DF: A number of things.  It is built on the distribution mindset.  In other words, the managers are rewarded for shifting product rather than for helping customers solve their problems.  There is no focus on the customer and little or no feedback to head office on what customers’ problems really are and how they are changing.

It is important to remember that these problems are complex and are unlikely to be solved just by buying a single physical product.  Channel people are concerned primarily with meeting their employer’s own internal needs.  And that usually means moving product.  And, once a channel pattern is fixed, they tend to set about making it more efficient, rather than making it right. 

MH: So that destroys the customer experience?

DF: Hmm, I would say that these people are unaware of the customer.  They have no clear idea of how their products are really put into solutions that meet the needs of end-customers.  They are very good at doing things in the right way – stripping out costs – and not very good at doing the right thing. The right thing is to understand what customers want and how the supplier fits into that delivery process.  Very often, the more we try to be efficient and cut costs, the less able we are to do the right thing.

MH: And you think we should start with that customer perspective?

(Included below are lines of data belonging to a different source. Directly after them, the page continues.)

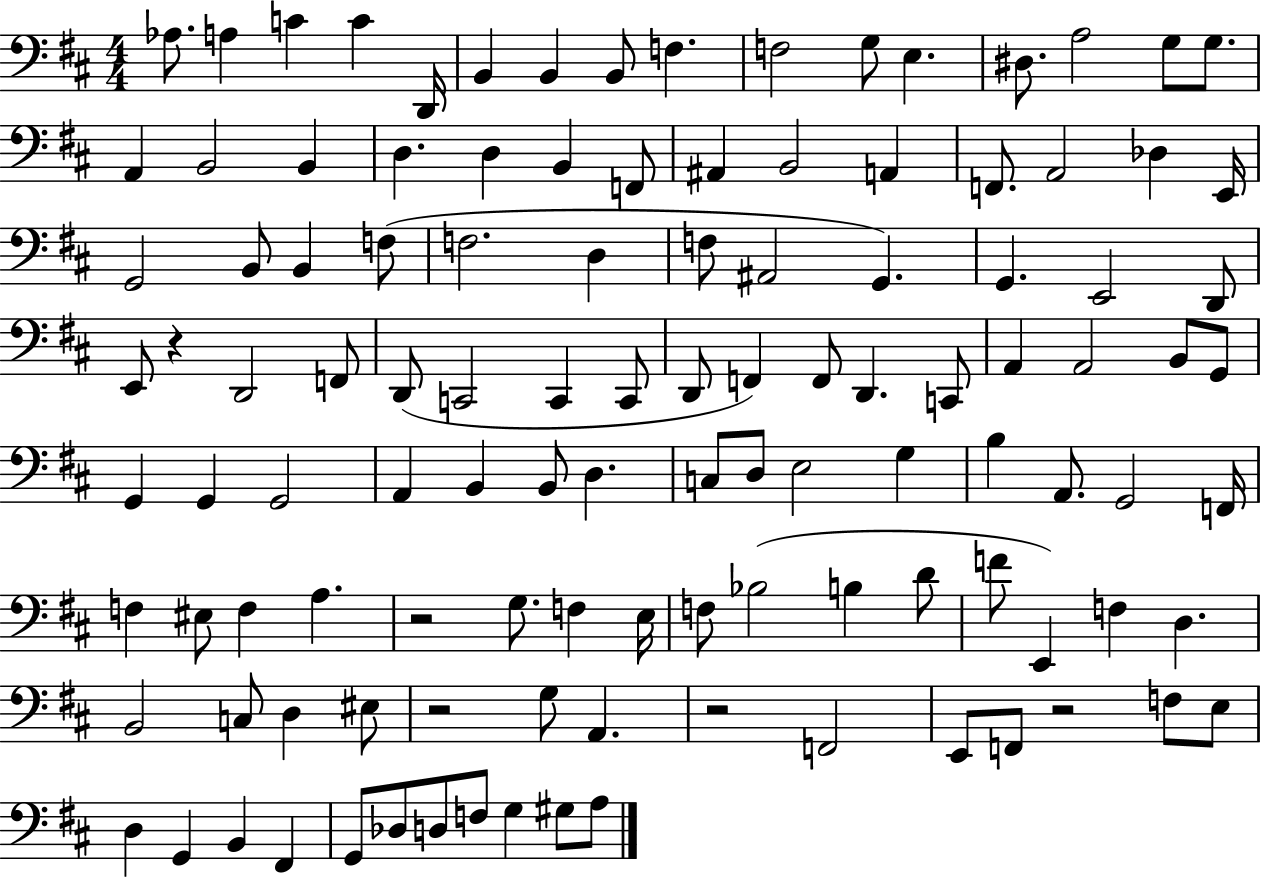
X:1
T:Untitled
M:4/4
L:1/4
K:D
_A,/2 A, C C D,,/4 B,, B,, B,,/2 F, F,2 G,/2 E, ^D,/2 A,2 G,/2 G,/2 A,, B,,2 B,, D, D, B,, F,,/2 ^A,, B,,2 A,, F,,/2 A,,2 _D, E,,/4 G,,2 B,,/2 B,, F,/2 F,2 D, F,/2 ^A,,2 G,, G,, E,,2 D,,/2 E,,/2 z D,,2 F,,/2 D,,/2 C,,2 C,, C,,/2 D,,/2 F,, F,,/2 D,, C,,/2 A,, A,,2 B,,/2 G,,/2 G,, G,, G,,2 A,, B,, B,,/2 D, C,/2 D,/2 E,2 G, B, A,,/2 G,,2 F,,/4 F, ^E,/2 F, A, z2 G,/2 F, E,/4 F,/2 _B,2 B, D/2 F/2 E,, F, D, B,,2 C,/2 D, ^E,/2 z2 G,/2 A,, z2 F,,2 E,,/2 F,,/2 z2 F,/2 E,/2 D, G,, B,, ^F,, G,,/2 _D,/2 D,/2 F,/2 G, ^G,/2 A,/2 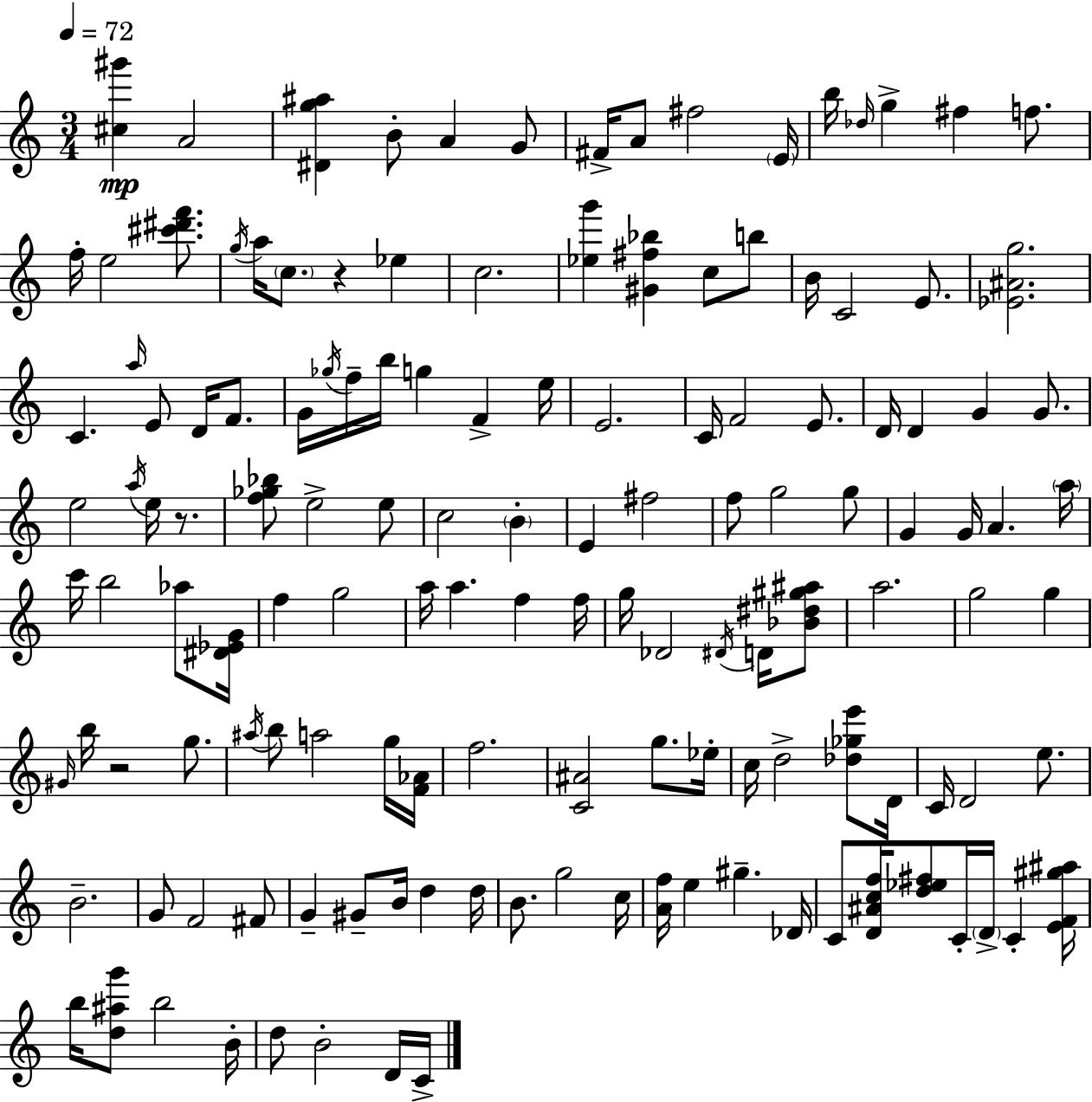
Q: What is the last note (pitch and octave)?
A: C4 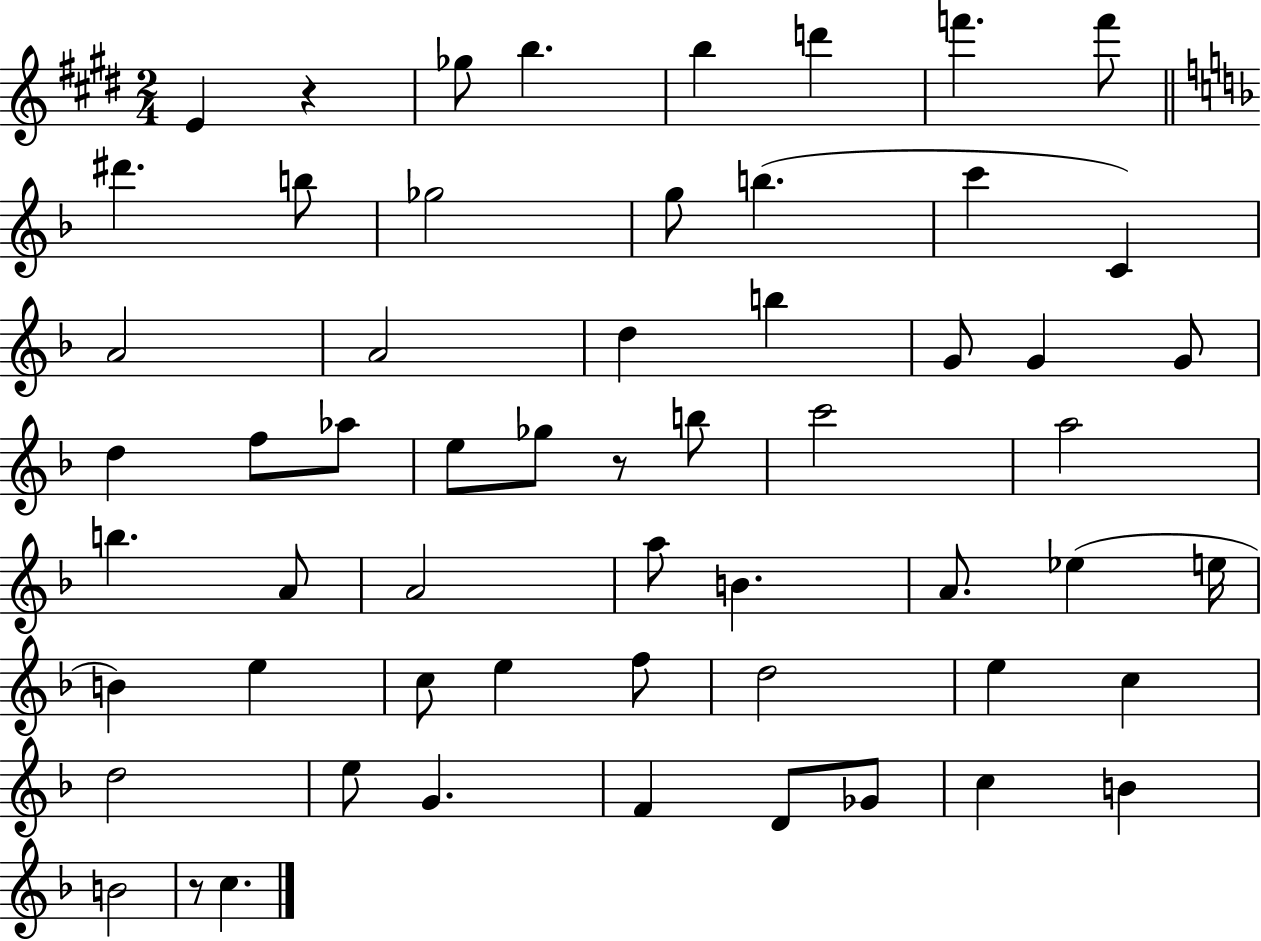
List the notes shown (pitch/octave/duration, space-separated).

E4/q R/q Gb5/e B5/q. B5/q D6/q F6/q. F6/e D#6/q. B5/e Gb5/h G5/e B5/q. C6/q C4/q A4/h A4/h D5/q B5/q G4/e G4/q G4/e D5/q F5/e Ab5/e E5/e Gb5/e R/e B5/e C6/h A5/h B5/q. A4/e A4/h A5/e B4/q. A4/e. Eb5/q E5/s B4/q E5/q C5/e E5/q F5/e D5/h E5/q C5/q D5/h E5/e G4/q. F4/q D4/e Gb4/e C5/q B4/q B4/h R/e C5/q. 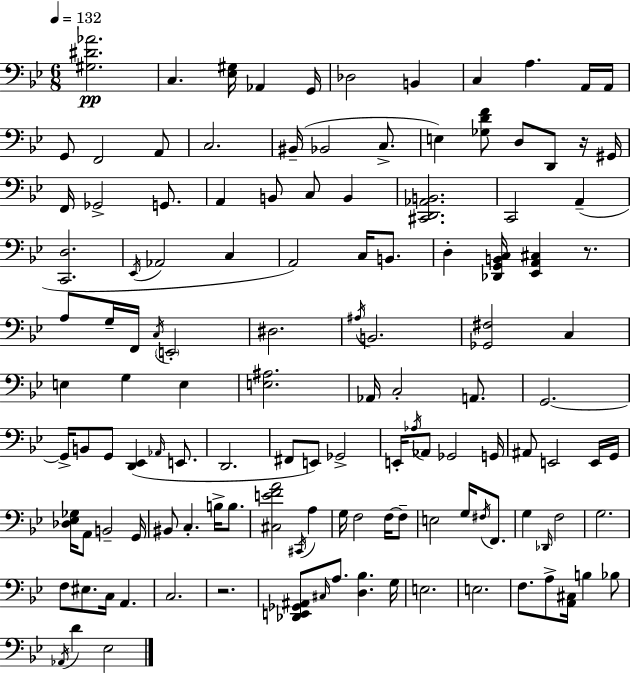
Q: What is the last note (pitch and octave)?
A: Eb3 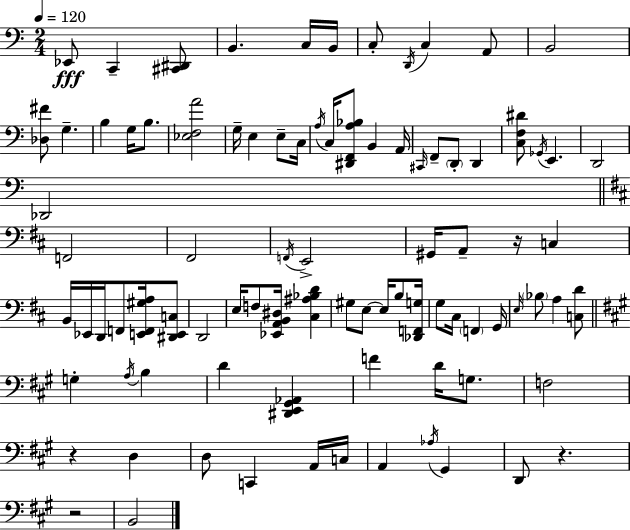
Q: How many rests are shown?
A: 4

DF: Yes, and when you start seeing things from a customer’s perspective you see a whole host of different ways of obtaining a solution from within a large network.  For example, if you have a data-handling problem, you could solve this with hardware, with software, or by getting someone else to process it for you on a temporary or permanent basis.  The customer just doesn’t see your channel – they aren’t interested in your channel, they are interested only in a solution, and this can come from lots of different places and take many forms and involve input from lots of companies. 
 

“Channel people are concerned primarily with meeting their employer’s own internal needs.”

MH: Why?

DF: Well, most channels people see themselves as suppliers and see a series of pipes or channels going from manufacturers to passive end-users, where the product is delivered. In fact, I would argue that the whole idea of a manufacturer is suspect.  Take Nike.  Is it a manufacturer?  It doesn’t make anything itself!  Equally, many distributors specify products and develop solutions.  And customers, particularly business customers, are far from passive – they actively seek out solutions and often have a strong input into the development and they have to work on what they buy to turn it into a solution.  Also, most suppliers are unaware of the real technology and the processes that go on at intermediary level.  A network view also makes us see how a company’s offering is transformed through the network in order to be a useful solution.